# Info on Desoto bibs?



## jlandry (Jan 12, 2007)

I ordered a pair of 400 mile bibs. Only after I ordered did I notice that it has what they call Hydro Foil on the front/belly for buoyancy in the water. I'm not a triguy. Will this be uncomfortable on the bike?


----------



## echo7 (Sep 7, 2010)

jlandry said:


> I ordered a pair of 400 mile bibs. Only after I ordered did I notice that it has what they call Hydro Foil on the front/belly for buoyancy in the water. I'm not a triguy. Will this be uncomfortable on the bike?


i have the shorts version and the padding is too thick and becomes uncomfortable on longer rides. Quality wise, its well made..

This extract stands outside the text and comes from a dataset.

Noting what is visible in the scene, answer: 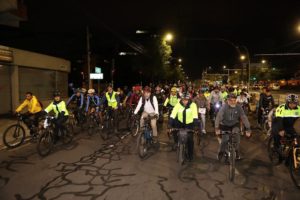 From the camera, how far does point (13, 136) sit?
10.1m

also the sizing is on the small side..


----------



## Srode (Aug 19, 2012)

I've found the sizing the same as PI, Assos and Gore and they are not uncomfortable although the version I have (about a year old) may not have what you are talking about, I don't remember it mentioned instead the Ceramico chamois was supposed to provide floatation and it does take longer to dry. Not sure if it wicks as well as others. I love the pockets in the front of the legs and the fit overall although my go to bibs for long hauls are the Assos Millie - better chamois.


----------



## MMsRepBike (Apr 1, 2014)

The stomach holder part is quite different and I don't really like it.

It sure makes taking a piss while on the bike almost impossible. I have to actually get off the bike, set it down, bend over so it looks like I'm servicing myself, and only then do I have proper clearance to whip er out and drain.

It's like having a holster for your stomach.


----------



## DaveG (Feb 4, 2004)

I have a pair of the Desoto 400 bibs and I guess I never knew that the panel was supposed to be buoyant. I will say the the material used in these bibs does feel a bit different that a standard spandex fabric. That said, the DeSoto's are my first choice for a century or long ride. The chamois is these is probably the largest/widest I've used. I like that as any stitching is far away from any movement points


----------



## skinewmexico (Apr 19, 2010)

I was going to buy some, but the lady at Trisports told me she only wore hers when all her Garneau Equipes were dirty. Great advice.


----------